→ **The problem**
Take the lines below beginning at the line that has "Герметизація фісур та" and stopping after the line that has "Apartmán Picouveau Cassis", and print them exactly as they are, with no other lines.

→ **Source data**
___

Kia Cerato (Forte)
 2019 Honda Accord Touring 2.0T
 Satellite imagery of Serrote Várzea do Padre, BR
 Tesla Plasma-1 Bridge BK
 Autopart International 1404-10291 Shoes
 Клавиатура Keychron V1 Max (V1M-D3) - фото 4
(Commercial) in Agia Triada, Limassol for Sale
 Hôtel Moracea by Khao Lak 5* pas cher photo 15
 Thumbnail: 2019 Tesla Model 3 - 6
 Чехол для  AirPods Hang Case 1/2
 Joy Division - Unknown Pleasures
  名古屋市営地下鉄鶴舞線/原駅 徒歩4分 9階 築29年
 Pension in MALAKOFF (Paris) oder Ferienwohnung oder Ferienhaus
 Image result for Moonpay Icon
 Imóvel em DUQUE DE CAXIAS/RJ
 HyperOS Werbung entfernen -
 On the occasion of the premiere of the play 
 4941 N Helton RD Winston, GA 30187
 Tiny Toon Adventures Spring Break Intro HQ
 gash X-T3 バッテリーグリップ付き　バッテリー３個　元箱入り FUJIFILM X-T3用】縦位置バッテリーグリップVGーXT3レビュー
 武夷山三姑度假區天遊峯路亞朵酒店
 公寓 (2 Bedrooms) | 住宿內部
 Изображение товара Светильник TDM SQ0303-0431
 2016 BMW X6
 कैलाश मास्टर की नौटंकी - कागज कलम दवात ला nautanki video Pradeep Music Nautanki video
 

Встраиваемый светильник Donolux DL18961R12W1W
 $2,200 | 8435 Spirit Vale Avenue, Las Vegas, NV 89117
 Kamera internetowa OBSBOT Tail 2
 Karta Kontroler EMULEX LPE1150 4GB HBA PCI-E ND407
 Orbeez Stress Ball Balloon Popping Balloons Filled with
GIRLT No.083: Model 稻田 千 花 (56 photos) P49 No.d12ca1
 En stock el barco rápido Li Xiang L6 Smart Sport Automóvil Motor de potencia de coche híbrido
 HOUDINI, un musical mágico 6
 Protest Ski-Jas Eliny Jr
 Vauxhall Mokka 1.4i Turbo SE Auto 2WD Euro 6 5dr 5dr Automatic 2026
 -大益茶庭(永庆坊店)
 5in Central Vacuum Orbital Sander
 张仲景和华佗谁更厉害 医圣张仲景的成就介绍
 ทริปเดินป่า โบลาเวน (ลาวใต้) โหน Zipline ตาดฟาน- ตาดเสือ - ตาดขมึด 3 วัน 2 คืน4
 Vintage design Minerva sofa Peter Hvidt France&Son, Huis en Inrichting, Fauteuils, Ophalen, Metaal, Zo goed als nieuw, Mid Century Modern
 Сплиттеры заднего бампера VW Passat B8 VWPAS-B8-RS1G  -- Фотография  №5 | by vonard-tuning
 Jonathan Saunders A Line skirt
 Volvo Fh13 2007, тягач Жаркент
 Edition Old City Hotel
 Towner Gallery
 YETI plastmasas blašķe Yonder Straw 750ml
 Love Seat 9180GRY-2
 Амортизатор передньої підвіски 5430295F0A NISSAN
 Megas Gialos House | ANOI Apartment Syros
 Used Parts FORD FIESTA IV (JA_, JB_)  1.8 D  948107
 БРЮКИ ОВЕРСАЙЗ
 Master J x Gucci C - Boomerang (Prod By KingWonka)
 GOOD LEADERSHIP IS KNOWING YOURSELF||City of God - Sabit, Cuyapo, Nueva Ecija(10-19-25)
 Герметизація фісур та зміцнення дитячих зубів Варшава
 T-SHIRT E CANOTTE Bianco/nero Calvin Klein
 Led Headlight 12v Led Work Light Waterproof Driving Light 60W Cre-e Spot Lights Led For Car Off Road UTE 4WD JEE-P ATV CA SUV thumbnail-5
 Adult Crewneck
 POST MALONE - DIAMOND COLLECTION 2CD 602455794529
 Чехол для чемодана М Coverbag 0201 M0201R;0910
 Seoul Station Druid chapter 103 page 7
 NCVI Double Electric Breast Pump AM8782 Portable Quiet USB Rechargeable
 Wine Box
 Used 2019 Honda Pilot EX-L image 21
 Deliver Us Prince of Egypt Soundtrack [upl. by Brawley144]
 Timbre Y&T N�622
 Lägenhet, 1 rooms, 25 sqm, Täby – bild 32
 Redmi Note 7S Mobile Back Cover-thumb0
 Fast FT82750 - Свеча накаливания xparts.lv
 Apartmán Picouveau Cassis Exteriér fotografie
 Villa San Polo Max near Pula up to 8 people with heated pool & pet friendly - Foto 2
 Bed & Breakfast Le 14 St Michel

___

→ **Answer section**
 Герметизація фісур та зміцнення дитячих зубів Варшава
 T-SHIRT E CANOTTE Bianco/nero Calvin Klein
 Led Headlight 12v Led Work Light Waterproof Driving Light 60W Cre-e Spot Lights Led For Car Off Road UTE 4WD JEE-P ATV CA SUV thumbnail-5
 Adult Crewneck
 POST MALONE - DIAMOND COLLECTION 2CD 602455794529
 Чехол для чемодана М Coverbag 0201 M0201R;0910
 Seoul Station Druid chapter 103 page 7
 NCVI Double Electric Breast Pump AM8782 Portable Quiet USB Rechargeable
 Wine Box
 Used 2019 Honda Pilot EX-L image 21
 Deliver Us Prince of Egypt Soundtrack [upl. by Brawley144]
 Timbre Y&T N�622
 Lägenhet, 1 rooms, 25 sqm, Täby – bild 32
 Redmi Note 7S Mobile Back Cover-thumb0
 Fast FT82750 - Свеча накаливания xparts.lv
 Apartmán Picouveau Cassis Exteriér fotografie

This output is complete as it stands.